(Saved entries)
BEGIN
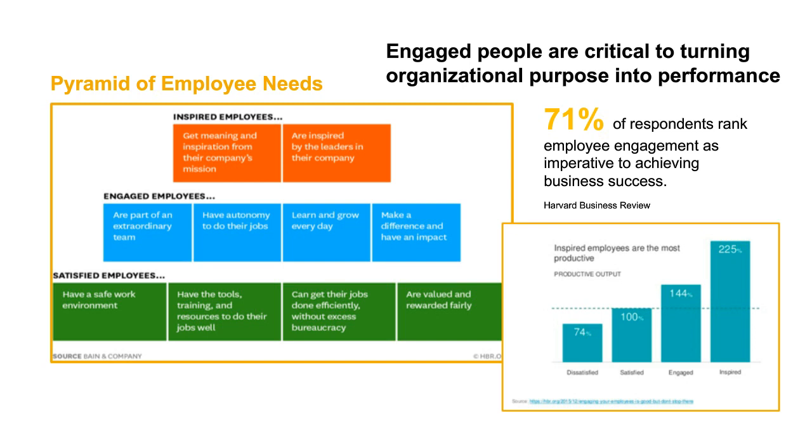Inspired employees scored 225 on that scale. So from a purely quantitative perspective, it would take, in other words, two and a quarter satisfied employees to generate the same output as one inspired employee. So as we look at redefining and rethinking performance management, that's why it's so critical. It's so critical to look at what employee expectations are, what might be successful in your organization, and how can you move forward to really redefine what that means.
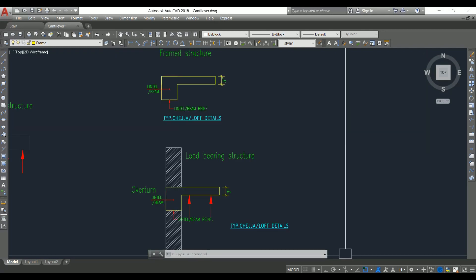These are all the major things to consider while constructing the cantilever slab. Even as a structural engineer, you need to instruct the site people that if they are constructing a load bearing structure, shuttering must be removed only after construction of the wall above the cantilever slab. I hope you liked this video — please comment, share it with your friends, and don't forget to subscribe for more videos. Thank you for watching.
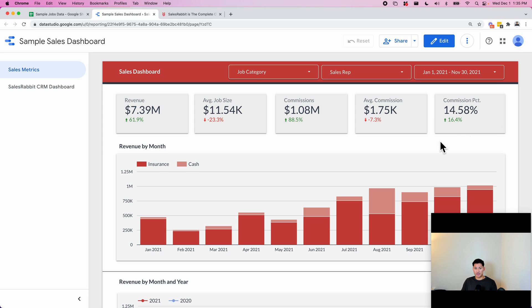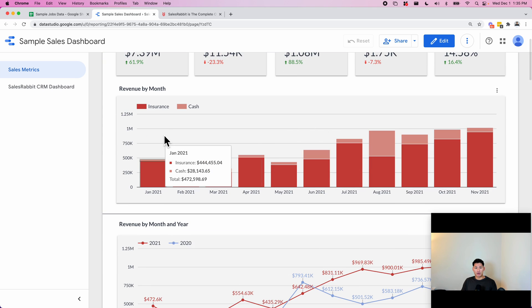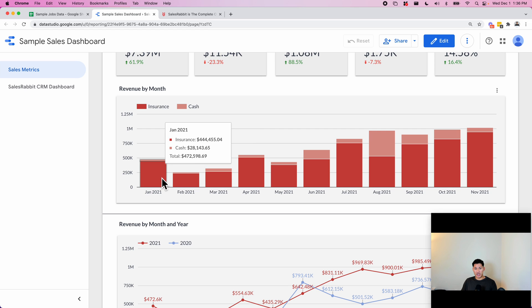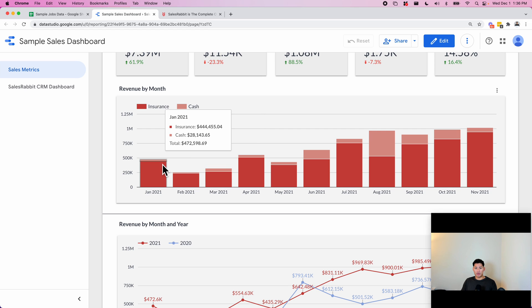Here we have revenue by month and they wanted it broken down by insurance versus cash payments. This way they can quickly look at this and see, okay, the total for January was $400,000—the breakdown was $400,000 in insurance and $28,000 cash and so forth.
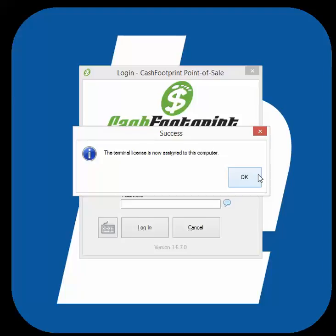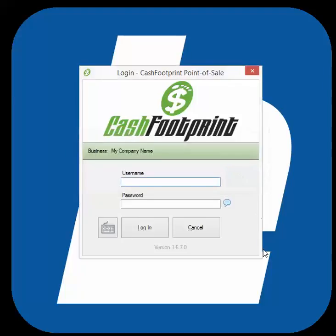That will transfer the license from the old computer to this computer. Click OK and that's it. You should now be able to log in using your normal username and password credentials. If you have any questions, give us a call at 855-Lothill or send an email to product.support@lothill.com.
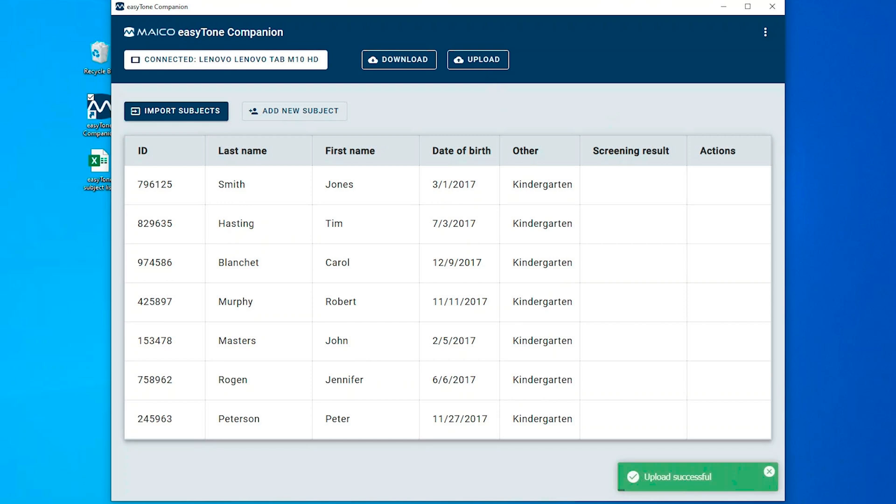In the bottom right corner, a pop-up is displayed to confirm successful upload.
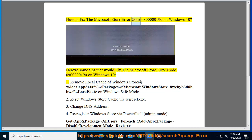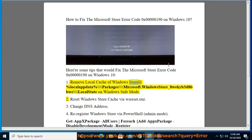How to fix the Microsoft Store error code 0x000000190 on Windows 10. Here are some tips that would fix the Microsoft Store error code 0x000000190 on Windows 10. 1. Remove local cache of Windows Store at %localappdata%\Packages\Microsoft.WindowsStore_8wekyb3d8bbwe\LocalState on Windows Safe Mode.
END
Task to complete - Reproduce the lines from the line containing "These are all" through the end of the records above, exactly and inclusively, omitting pictures.

Completed exercise -
These are all the major things to consider while constructing the cantilever slab. Even as a structural engineer, you need to instruct the site people that if they are constructing a load bearing structure, shuttering must be removed only after construction of the wall above the cantilever slab. I hope you liked this video — please comment, share it with your friends, and don't forget to subscribe for more videos. Thank you for watching.
Here we have revenue by month and they wanted it broken down by insurance versus cash payments. This way they can quickly look at this and see, okay, the total for January was $400,000—the breakdown was $400,000 in insurance and $28,000 cash and so forth.
That will transfer the license from the old computer to this computer. Click OK and that's it. You should now be able to log in using your normal username and password credentials. If you have any questions, give us a call at 855-Lothill or send an email to product.support@lothill.com.
In the bottom right corner, a pop-up is displayed to confirm successful upload.
How to fix the Microsoft Store error code 0x000000190 on Windows 10. Here are some tips that would fix the Microsoft Store error code 0x000000190 on Windows 10. 1. Remove local cache of Windows Store at %localappdata%\Packages\Microsoft.WindowsStore_8wekyb3d8bbwe\LocalState on Windows Safe Mode.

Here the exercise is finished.